## [ABOUT THIS EXERCISE]
In this exercise, return the whole listing exactly, excluding any images.

## [DATASET EXCERPT]
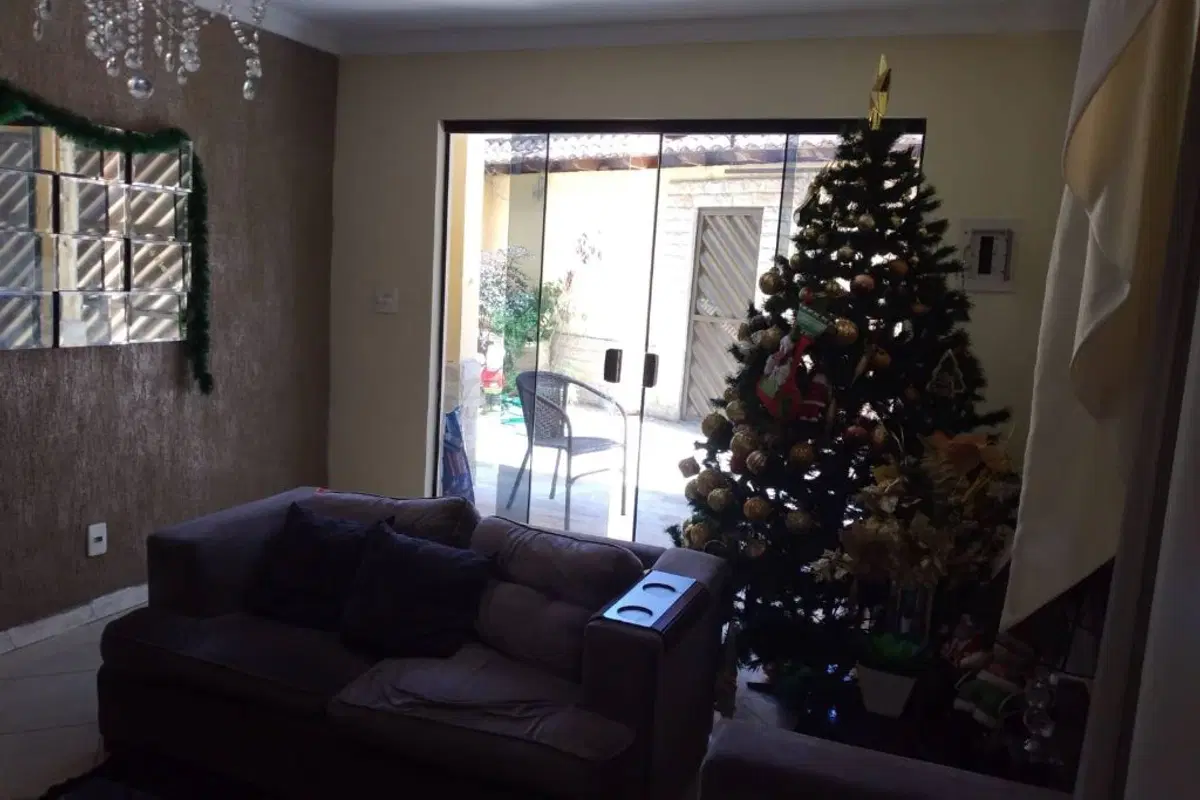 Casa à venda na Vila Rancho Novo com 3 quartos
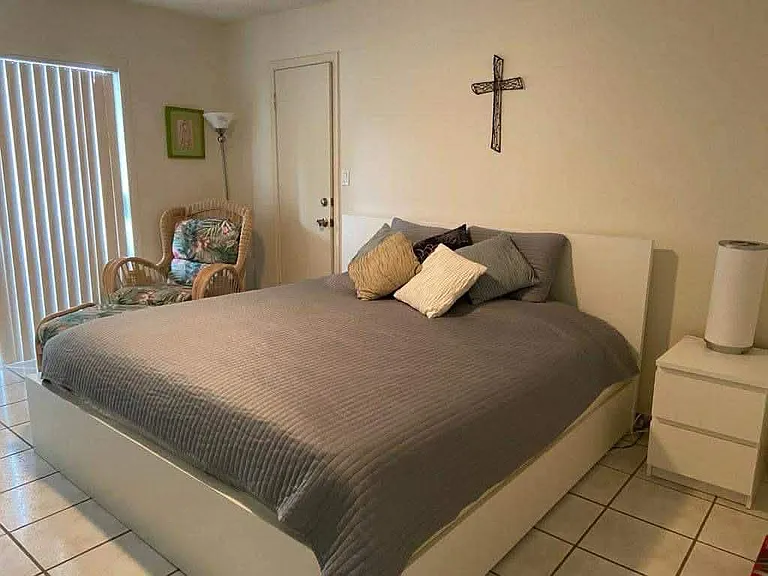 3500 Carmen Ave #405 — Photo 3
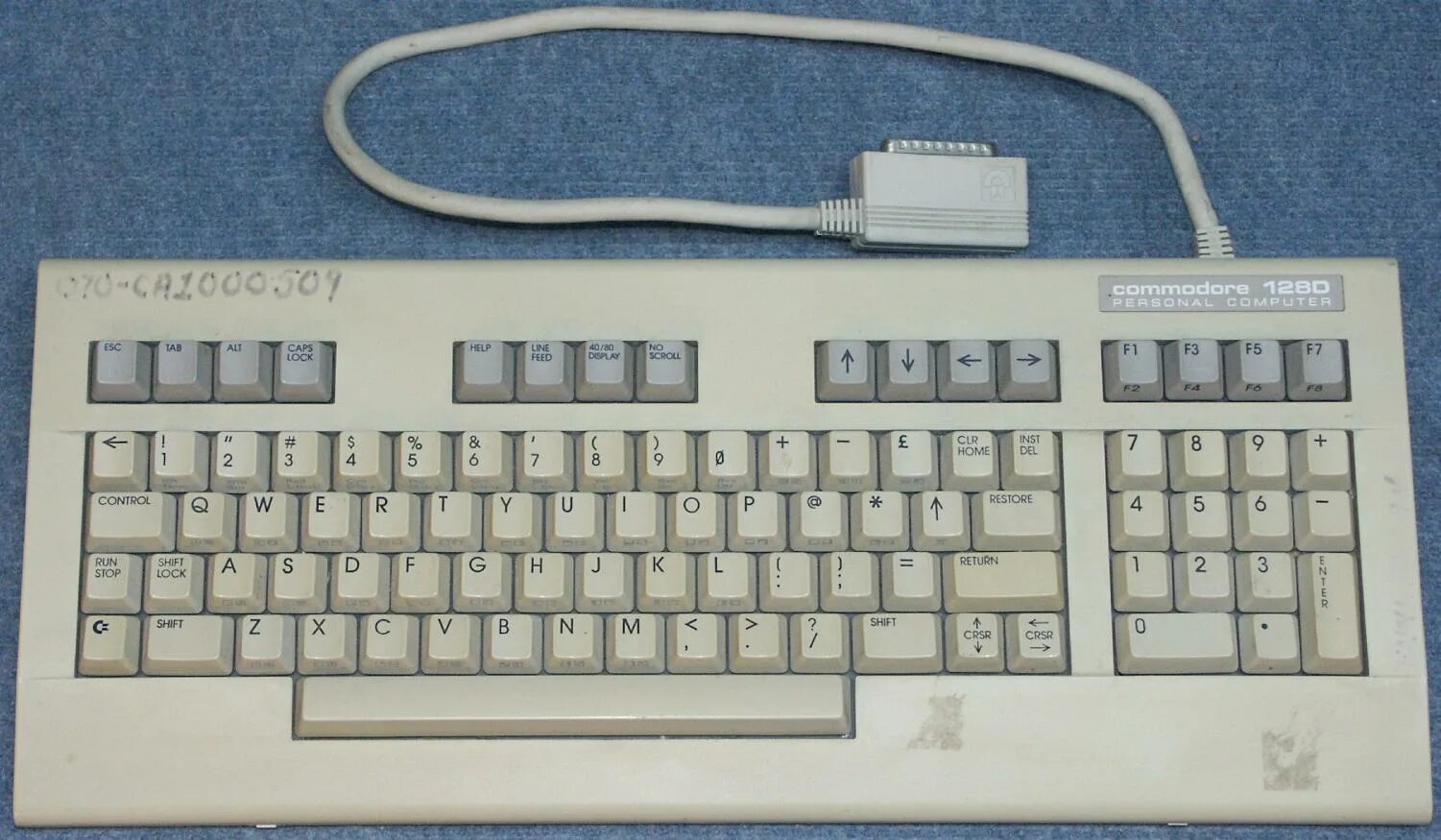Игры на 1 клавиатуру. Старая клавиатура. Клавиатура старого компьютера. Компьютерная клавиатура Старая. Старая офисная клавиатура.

## [WRITTEN RESPONSE]
 Casa à venda na Vila Rancho Novo com 3 quartos
 3500 Carmen Ave #405 — Photo 3
Игры на 1 клавиатуру. Старая клавиатура. Клавиатура старого компьютера. Компьютерная клавиатура Старая. Старая офисная клавиатура.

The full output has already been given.